No se nos puede olvidar que no comenzó con los braceros de México a Estados Unidos sino con sus propias poblaciones que huyeron despavoridas sólo para encontrarse en condiciones de precariedad, opresión y explotación como las narradas por John Steinbeck en Las viñas de la ira, que nos llena los ojos con la precariedad, los sueldos de hambre y las guardias blancas que años después habrían de sufrir los jornaleros agrícolas migrantes como los que hoy pueblan el norte de México y el sur de Estados Unidos.

La historia de la iniquidad actual hacia los migrantes de México y Centroamérica comenzó con la expansión al Oeste, con su predación de los territorios conquistados, con la desmesura de su propia industrialización, y con su iniquidad en el trato patronal hacia sus propios jornaleros (personas y comunidades que años antes llevaran una vida productiva como sembradoras de trigo y maíz, criadoras de ovejas y vacas, en tierras que Estados Unidos arrebató a sangre y fuego a los pueblos originarios de Norteamérica).
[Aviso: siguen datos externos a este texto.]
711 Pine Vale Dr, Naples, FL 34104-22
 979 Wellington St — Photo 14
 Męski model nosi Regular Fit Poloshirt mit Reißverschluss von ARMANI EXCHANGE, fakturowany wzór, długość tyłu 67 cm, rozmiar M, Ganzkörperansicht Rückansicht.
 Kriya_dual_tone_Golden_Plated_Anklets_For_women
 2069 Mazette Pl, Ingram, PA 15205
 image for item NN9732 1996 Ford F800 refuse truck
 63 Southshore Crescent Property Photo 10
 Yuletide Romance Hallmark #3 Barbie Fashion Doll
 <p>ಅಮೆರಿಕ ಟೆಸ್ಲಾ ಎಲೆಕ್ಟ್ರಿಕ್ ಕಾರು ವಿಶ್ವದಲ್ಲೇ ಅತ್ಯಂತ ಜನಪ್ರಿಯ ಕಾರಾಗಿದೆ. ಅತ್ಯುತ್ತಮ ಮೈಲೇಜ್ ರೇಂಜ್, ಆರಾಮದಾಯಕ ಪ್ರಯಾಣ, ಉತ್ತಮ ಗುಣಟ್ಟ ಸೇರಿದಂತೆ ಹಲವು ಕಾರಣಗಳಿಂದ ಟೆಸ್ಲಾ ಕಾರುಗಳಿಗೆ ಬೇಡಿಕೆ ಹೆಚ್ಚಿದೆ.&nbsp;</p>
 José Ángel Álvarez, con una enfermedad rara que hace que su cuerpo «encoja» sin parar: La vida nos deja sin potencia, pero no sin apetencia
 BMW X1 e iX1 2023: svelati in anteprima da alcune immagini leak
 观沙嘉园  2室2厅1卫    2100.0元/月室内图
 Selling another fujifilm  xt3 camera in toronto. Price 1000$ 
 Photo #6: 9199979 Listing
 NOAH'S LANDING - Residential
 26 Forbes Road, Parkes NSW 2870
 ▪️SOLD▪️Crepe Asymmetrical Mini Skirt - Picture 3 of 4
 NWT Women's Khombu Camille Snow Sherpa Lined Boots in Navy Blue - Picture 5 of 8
Hoy, al constatar el vaciamiento del Acuífero Ogalala, el mayor manto de aguas subterráneas estadunidense —que corría unos 404 mil kilómetros cuadrados por debajo de esos mismos territorios devastados— que sin importar nada se utilizó para irrigar desde los años 40 hasta principios del siglo 21 enormes cultivos de trigo y maíz, la gente de la región está urgida por soluciones campesinas y autonomía productiva, hoy llamadas “alternativas”, y busca cómo revivir esos mantos subterráneos a punto de secarse.